** Opening Working data block **

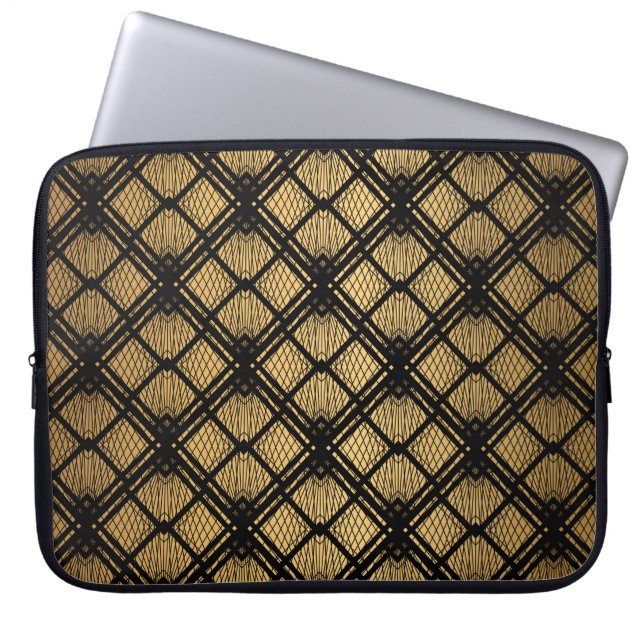Art Deco Pattern. Seamless black and gold backgrou Laptop Sleeve (Front)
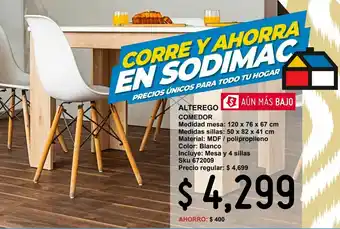 Sodimac Homecenter Comedor blanco madera con 4 sillas blanco oferta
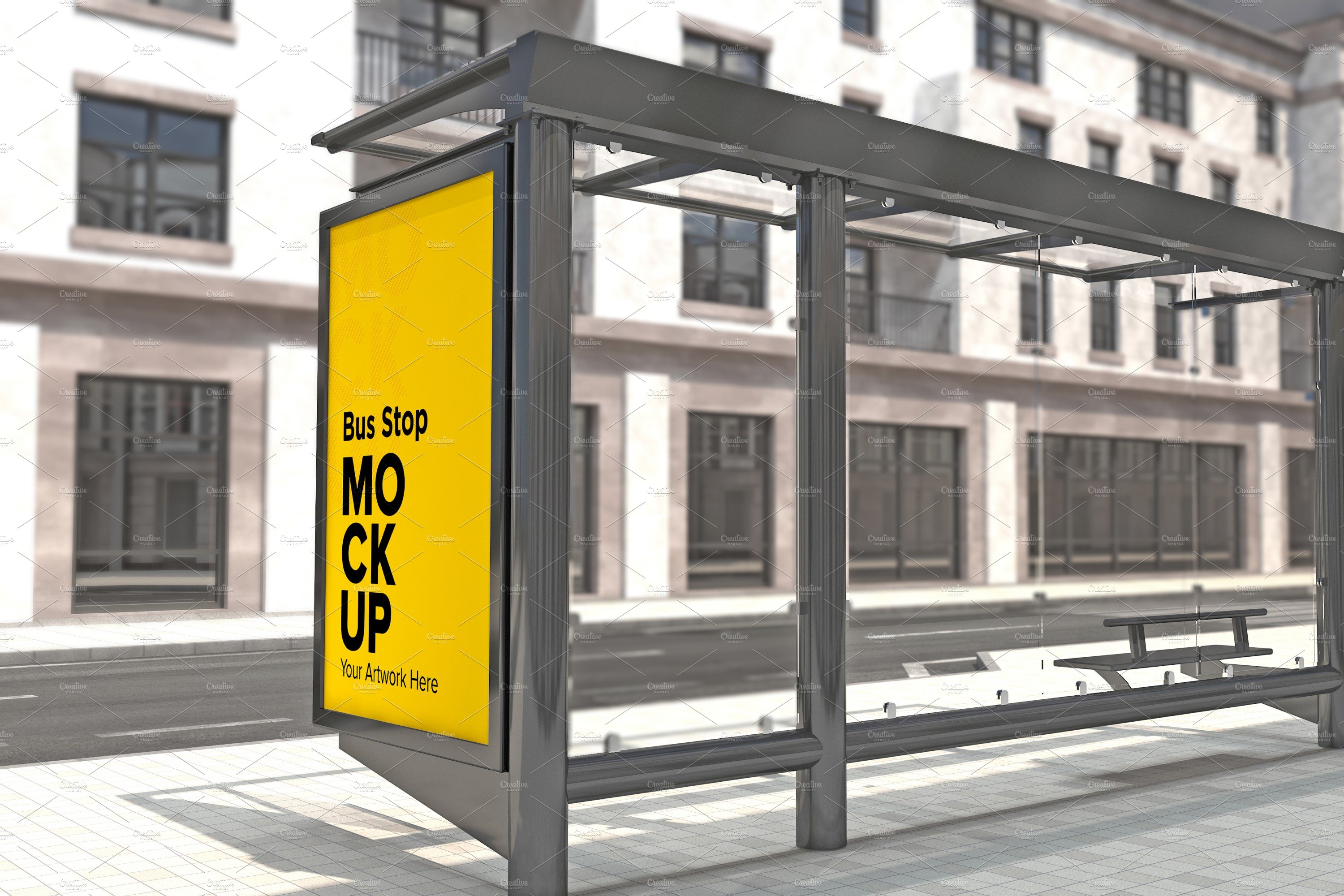 City Bus Shelter Sign mockup cover image.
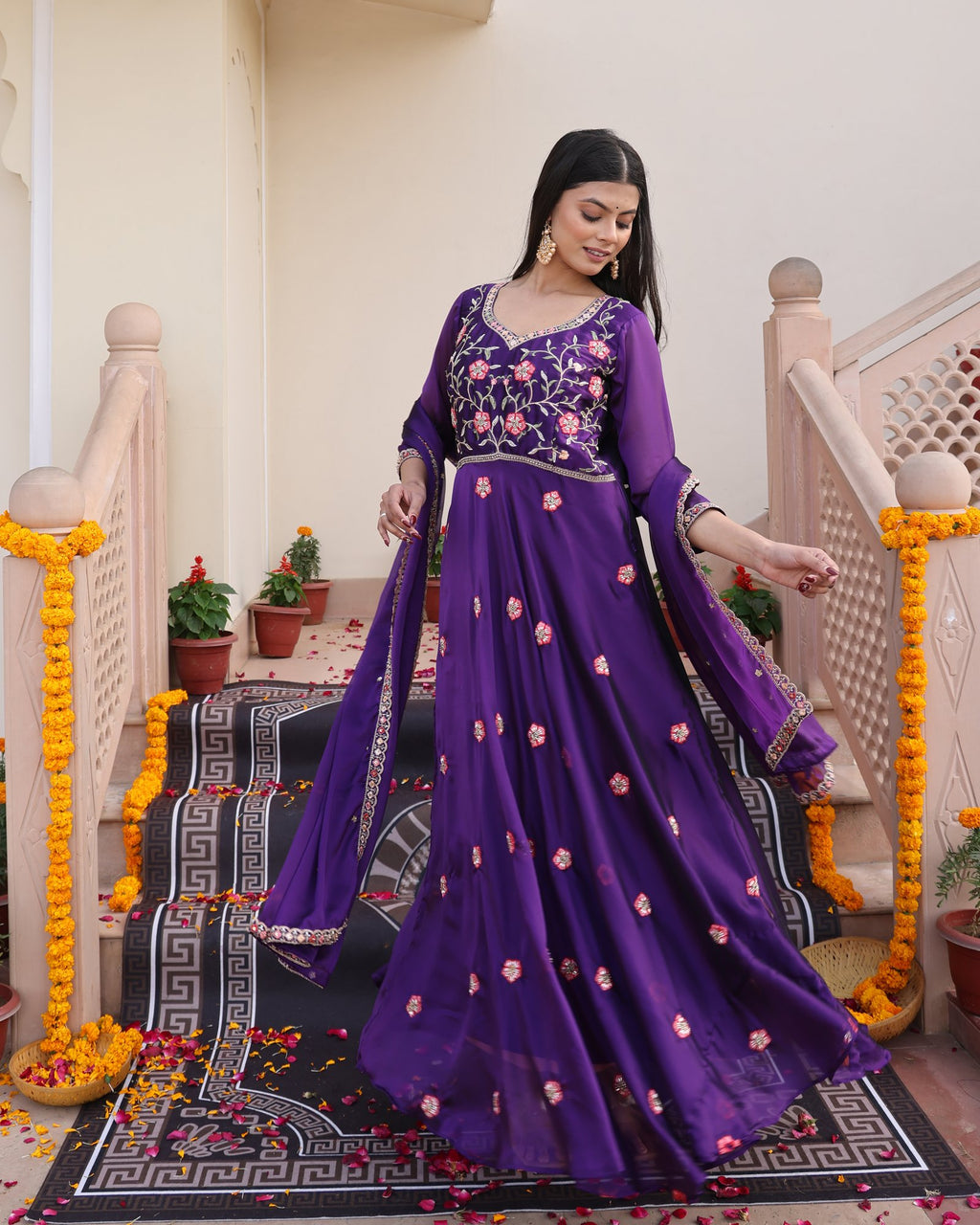 Purple Rangoli Silk Anarkali Suit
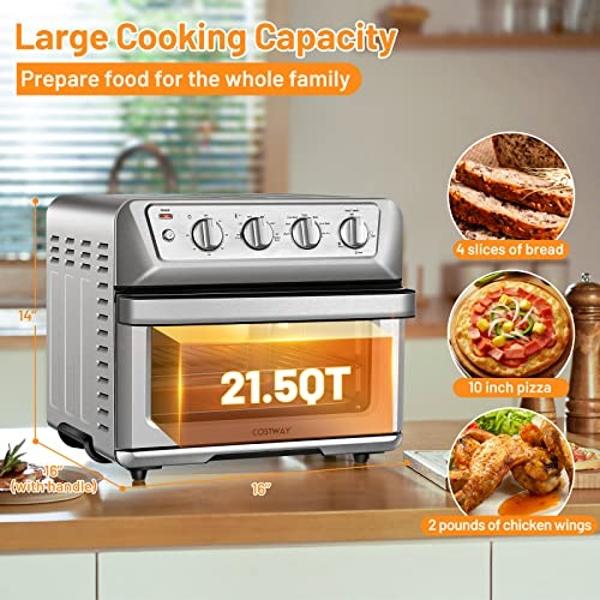 COSTWAY Air Fryer Toaster Oven, 7-in-1 Convection Countertop Oven w/Auto-Shut-Off, Timer, Accessories, Cookbook, 1800W, 21.5 QT Air Fryer Toaster Oven Combo, Bake, Broil, Toast, St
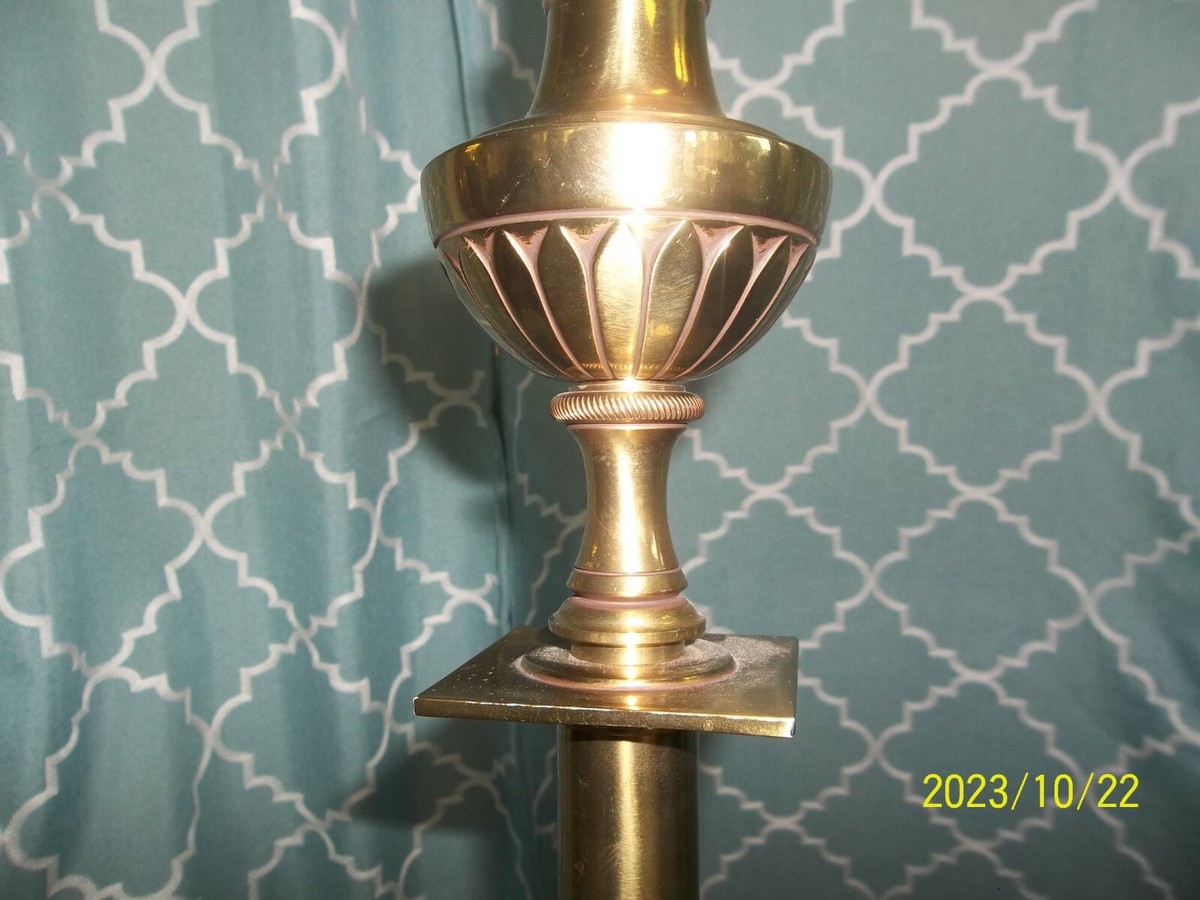 HTF Vtg. Hollywood Regency STIFFEL Brass Lotus Torchiere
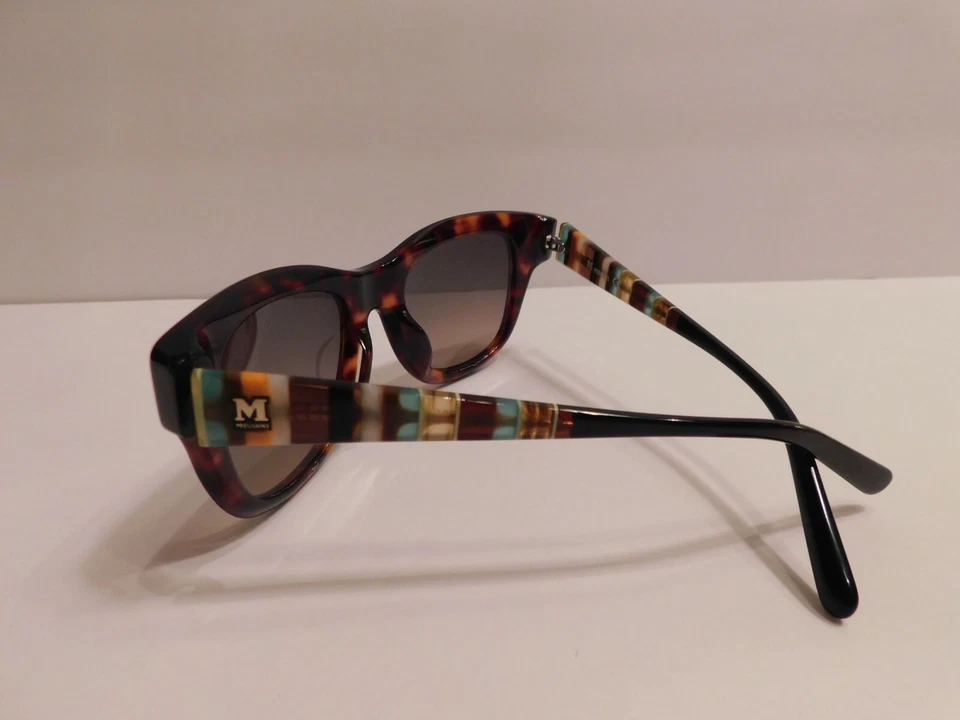 Missoni Brown Tortoiseshell Sunglasses / Signature Stripe Temples, Case Included - Image 4 of 4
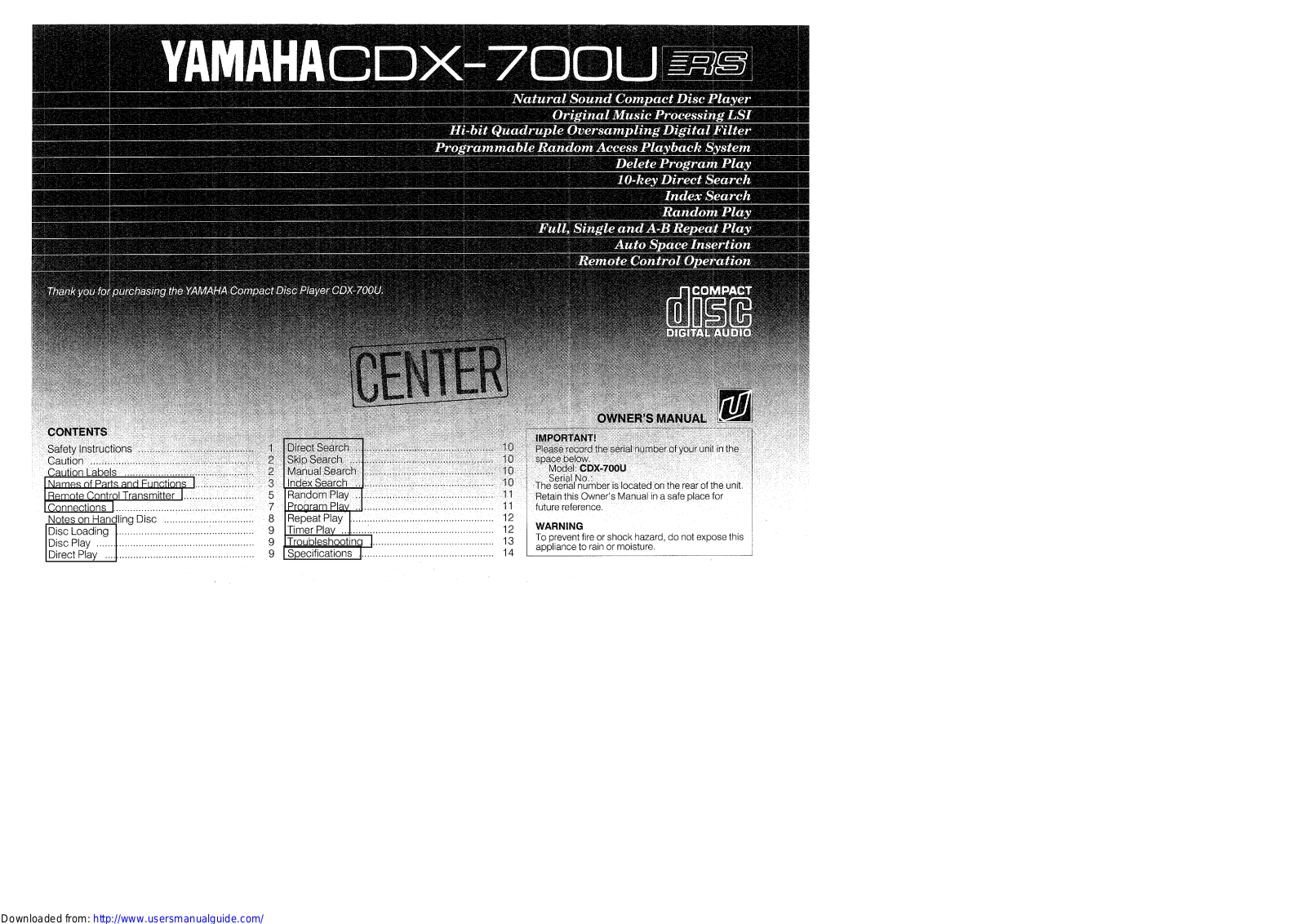 Yamaha Audio CDX-700U User Manual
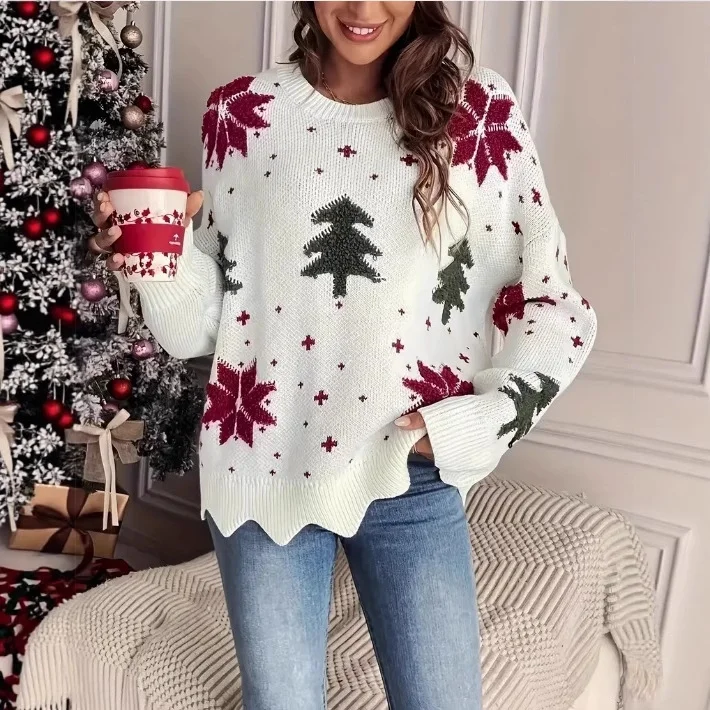 Printed Holiday Loose Casual Knit Sweater for Women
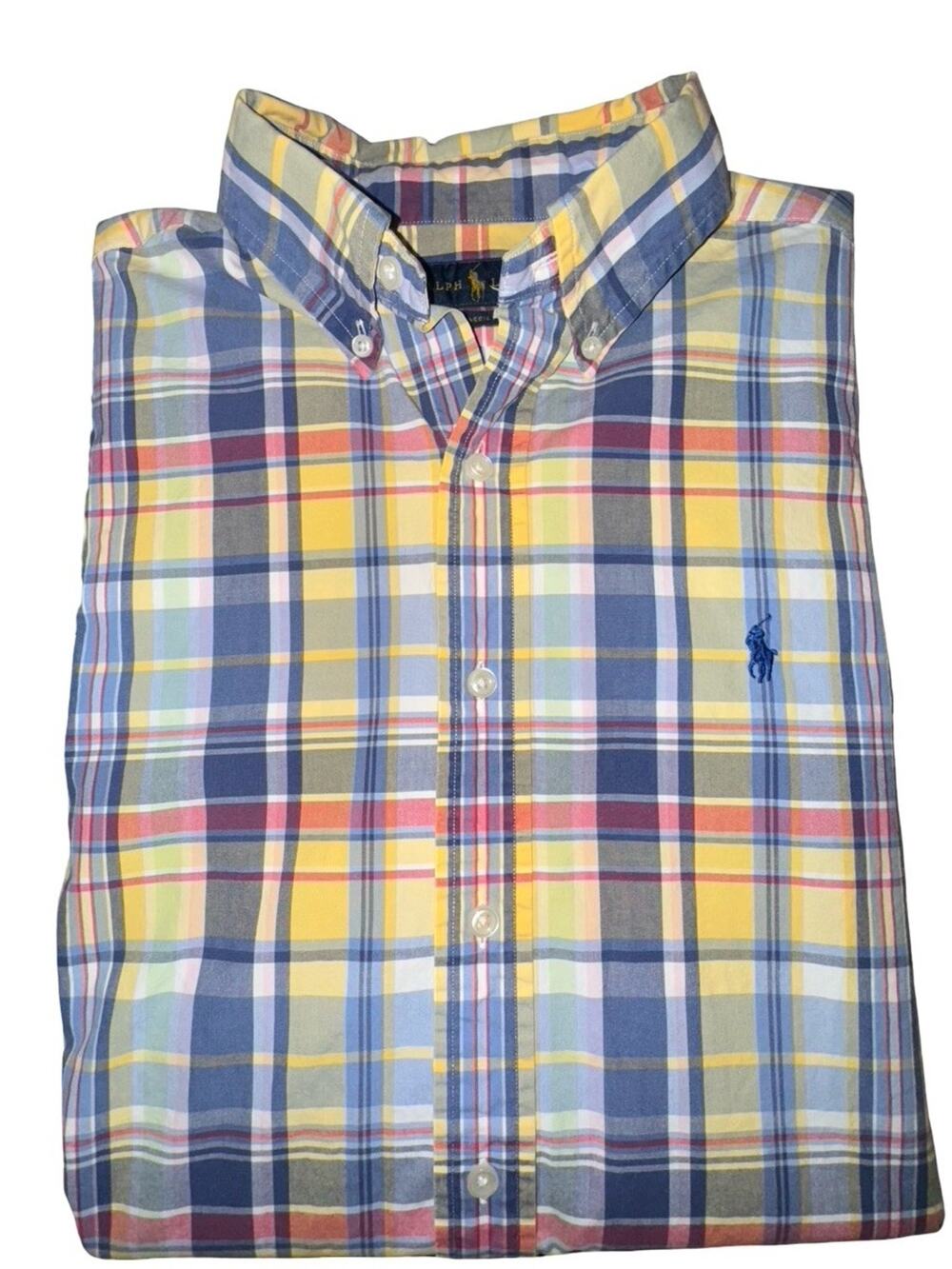 Ralph Lauren Classic Fit Yellow & Blue Plaid Long Sleeve Button-Up Shirt Sz S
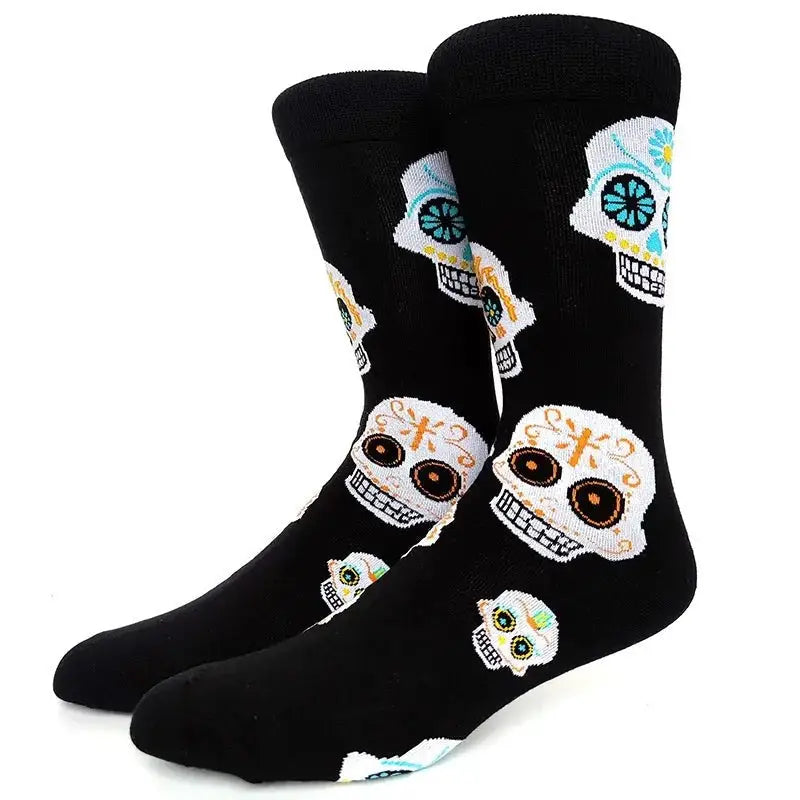 Halloween Funky Print Socks for Adults Black - White / 39-45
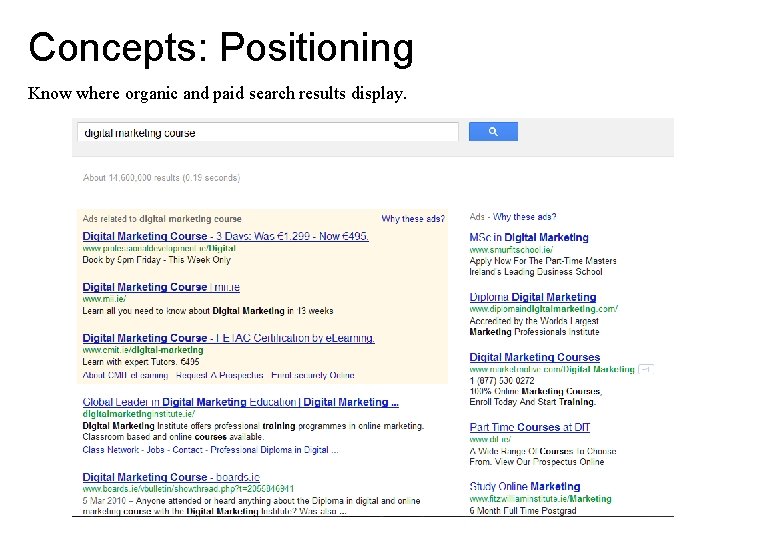 Concepts: Positioning Know where organic and paid search results display.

** Closing Working data block **

Each record is to be written out exactly. No picture goes in.

Art Deco Pattern. Seamless black and gold backgrou Laptop Sleeve (Front)
 Sodimac Homecenter Comedor blanco madera con 4 sillas blanco oferta
 City Bus Shelter Sign mockup cover image.
 Purple Rangoli Silk Anarkali Suit
 COSTWAY Air Fryer Toaster Oven, 7-in-1 Convection Countertop Oven w/Auto-Shut-Off, Timer, Accessories, Cookbook, 1800W, 21.5 QT Air Fryer Toaster Oven Combo, Bake, Broil, Toast, St
 HTF Vtg. Hollywood Regency STIFFEL Brass Lotus Torchiere
 Missoni Brown Tortoiseshell Sunglasses / Signature Stripe Temples, Case Included - Image 4 of 4
 Yamaha Audio CDX-700U User Manual
 Printed Holiday Loose Casual Knit Sweater for Women
 Ralph Lauren Classic Fit Yellow & Blue Plaid Long Sleeve Button-Up Shirt Sz S
 Halloween Funky Print Socks for Adults Black - White / 39-45
 Concepts: Positioning Know where organic and paid search results display.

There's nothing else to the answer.